*REQUIRED WORK:* The records below hold a stretch from the line with "America Needs Farmers" through the line with "Crosswater Douche Nis"; return exactly those lines, ends included, and nothing more.

─── MATERIAL FOR THIS EXERCISE ───

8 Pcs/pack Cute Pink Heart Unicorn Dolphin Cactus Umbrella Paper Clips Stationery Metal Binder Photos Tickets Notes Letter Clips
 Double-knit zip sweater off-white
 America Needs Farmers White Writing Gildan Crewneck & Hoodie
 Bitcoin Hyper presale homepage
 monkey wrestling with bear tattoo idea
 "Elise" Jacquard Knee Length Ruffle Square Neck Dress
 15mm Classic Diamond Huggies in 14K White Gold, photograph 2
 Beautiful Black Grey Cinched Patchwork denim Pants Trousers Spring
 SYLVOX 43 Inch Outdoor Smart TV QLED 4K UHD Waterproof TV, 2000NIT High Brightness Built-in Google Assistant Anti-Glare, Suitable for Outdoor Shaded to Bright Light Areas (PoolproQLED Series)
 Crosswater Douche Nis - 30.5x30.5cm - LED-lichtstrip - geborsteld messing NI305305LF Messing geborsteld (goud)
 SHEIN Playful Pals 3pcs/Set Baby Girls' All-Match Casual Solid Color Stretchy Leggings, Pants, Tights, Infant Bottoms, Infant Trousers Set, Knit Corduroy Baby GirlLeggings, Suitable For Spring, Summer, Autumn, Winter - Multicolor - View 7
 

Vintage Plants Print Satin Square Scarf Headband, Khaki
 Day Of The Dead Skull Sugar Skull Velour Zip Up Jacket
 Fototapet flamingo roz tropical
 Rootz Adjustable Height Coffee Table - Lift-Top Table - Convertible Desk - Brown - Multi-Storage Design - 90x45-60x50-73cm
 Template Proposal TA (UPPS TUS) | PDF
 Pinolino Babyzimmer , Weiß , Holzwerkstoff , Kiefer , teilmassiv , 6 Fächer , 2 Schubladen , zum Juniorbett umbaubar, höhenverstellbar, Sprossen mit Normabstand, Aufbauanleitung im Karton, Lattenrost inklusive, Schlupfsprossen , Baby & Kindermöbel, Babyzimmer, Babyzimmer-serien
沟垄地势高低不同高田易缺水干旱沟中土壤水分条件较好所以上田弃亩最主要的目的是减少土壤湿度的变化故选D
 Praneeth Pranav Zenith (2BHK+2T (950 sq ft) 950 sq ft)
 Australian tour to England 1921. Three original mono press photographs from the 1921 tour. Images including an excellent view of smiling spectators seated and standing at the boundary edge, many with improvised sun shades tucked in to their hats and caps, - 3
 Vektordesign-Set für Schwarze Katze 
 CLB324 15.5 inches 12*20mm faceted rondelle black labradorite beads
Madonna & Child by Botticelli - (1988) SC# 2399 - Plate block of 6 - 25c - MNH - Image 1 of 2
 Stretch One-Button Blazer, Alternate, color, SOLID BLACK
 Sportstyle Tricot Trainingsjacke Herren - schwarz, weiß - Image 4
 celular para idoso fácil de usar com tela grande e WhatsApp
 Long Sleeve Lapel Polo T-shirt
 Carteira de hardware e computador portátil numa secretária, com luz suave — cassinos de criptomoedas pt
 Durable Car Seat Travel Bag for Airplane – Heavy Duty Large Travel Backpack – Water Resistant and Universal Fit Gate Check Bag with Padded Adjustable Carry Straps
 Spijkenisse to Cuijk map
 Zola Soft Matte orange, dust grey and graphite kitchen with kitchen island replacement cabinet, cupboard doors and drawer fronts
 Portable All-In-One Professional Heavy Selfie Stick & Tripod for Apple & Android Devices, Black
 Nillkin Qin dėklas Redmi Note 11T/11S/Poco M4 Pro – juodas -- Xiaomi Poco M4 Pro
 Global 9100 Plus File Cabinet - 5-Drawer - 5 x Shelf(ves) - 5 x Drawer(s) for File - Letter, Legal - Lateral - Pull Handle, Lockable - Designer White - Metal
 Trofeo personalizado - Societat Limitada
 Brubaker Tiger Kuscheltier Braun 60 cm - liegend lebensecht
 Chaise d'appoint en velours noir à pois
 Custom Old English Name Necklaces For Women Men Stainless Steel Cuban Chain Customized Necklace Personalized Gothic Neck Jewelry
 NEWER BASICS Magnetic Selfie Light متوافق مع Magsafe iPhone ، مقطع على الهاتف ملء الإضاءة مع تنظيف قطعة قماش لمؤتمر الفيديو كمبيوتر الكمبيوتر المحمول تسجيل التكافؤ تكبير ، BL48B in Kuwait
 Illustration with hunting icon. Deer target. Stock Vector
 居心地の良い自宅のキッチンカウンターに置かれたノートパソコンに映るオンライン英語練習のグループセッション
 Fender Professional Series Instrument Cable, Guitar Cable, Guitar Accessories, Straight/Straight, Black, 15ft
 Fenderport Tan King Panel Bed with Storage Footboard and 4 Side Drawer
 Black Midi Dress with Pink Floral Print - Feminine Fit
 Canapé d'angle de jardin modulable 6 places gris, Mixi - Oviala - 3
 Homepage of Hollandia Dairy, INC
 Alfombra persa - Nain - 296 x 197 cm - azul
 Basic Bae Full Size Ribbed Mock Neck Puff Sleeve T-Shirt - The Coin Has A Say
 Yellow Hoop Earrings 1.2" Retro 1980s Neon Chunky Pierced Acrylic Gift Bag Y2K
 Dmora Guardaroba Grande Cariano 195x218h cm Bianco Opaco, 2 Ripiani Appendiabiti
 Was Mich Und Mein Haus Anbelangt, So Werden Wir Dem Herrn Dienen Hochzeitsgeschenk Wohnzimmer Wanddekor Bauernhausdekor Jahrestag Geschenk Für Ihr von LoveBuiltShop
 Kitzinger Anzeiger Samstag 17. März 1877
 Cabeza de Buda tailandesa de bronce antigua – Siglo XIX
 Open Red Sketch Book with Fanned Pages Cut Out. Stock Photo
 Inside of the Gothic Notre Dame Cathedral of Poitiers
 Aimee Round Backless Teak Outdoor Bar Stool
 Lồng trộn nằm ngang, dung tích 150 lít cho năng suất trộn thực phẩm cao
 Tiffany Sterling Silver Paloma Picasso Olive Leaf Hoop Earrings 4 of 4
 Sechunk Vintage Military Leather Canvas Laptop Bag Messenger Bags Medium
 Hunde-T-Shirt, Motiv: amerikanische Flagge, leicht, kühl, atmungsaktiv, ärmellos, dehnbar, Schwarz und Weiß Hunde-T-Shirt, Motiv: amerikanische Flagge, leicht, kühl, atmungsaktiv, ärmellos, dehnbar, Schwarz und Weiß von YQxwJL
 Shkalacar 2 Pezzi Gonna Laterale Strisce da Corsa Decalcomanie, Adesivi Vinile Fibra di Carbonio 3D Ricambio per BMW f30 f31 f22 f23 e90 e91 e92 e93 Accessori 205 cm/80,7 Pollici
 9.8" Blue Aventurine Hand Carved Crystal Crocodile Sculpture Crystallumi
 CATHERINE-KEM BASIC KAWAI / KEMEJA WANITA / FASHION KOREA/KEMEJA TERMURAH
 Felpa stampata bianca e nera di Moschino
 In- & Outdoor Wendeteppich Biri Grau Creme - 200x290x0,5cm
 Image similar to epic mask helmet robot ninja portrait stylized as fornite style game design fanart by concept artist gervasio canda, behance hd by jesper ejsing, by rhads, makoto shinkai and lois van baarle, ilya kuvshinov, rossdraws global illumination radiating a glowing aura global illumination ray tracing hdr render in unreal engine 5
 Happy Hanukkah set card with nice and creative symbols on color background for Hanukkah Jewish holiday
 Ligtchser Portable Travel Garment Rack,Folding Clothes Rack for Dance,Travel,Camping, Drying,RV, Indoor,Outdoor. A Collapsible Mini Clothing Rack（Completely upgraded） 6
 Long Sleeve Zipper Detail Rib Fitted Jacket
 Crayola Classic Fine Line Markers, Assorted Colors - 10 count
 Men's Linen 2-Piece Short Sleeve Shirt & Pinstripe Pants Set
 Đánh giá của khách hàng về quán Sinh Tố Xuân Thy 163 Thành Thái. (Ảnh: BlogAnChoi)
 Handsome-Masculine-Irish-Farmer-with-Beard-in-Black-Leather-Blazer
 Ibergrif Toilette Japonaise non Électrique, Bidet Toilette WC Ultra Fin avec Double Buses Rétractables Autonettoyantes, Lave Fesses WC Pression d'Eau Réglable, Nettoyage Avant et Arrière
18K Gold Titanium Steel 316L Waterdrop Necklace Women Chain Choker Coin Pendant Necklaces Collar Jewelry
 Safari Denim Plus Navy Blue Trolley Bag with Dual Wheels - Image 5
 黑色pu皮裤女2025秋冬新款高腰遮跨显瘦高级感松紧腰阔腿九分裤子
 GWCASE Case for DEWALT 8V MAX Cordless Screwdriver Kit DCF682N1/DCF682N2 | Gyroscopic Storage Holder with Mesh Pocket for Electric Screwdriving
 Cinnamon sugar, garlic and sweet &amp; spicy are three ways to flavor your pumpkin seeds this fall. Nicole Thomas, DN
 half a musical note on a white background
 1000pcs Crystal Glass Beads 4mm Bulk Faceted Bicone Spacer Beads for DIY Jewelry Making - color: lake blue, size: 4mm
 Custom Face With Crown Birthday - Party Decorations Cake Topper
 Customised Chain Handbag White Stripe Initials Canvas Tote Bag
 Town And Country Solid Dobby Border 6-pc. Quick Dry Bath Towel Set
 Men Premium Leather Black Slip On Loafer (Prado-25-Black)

───

*ANSWER TO THIS TASK:*
 America Needs Farmers White Writing Gildan Crewneck & Hoodie
 Bitcoin Hyper presale homepage
 monkey wrestling with bear tattoo idea
 "Elise" Jacquard Knee Length Ruffle Square Neck Dress
 15mm Classic Diamond Huggies in 14K White Gold, photograph 2
 Beautiful Black Grey Cinched Patchwork denim Pants Trousers Spring
 SYLVOX 43 Inch Outdoor Smart TV QLED 4K UHD Waterproof TV, 2000NIT High Brightness Built-in Google Assistant Anti-Glare, Suitable for Outdoor Shaded to Bright Light Areas (PoolproQLED Series)
 Crosswater Douche Nis - 30.5x30.5cm - LED-lichtstrip - geborsteld messing NI305305LF Messing geborsteld (goud)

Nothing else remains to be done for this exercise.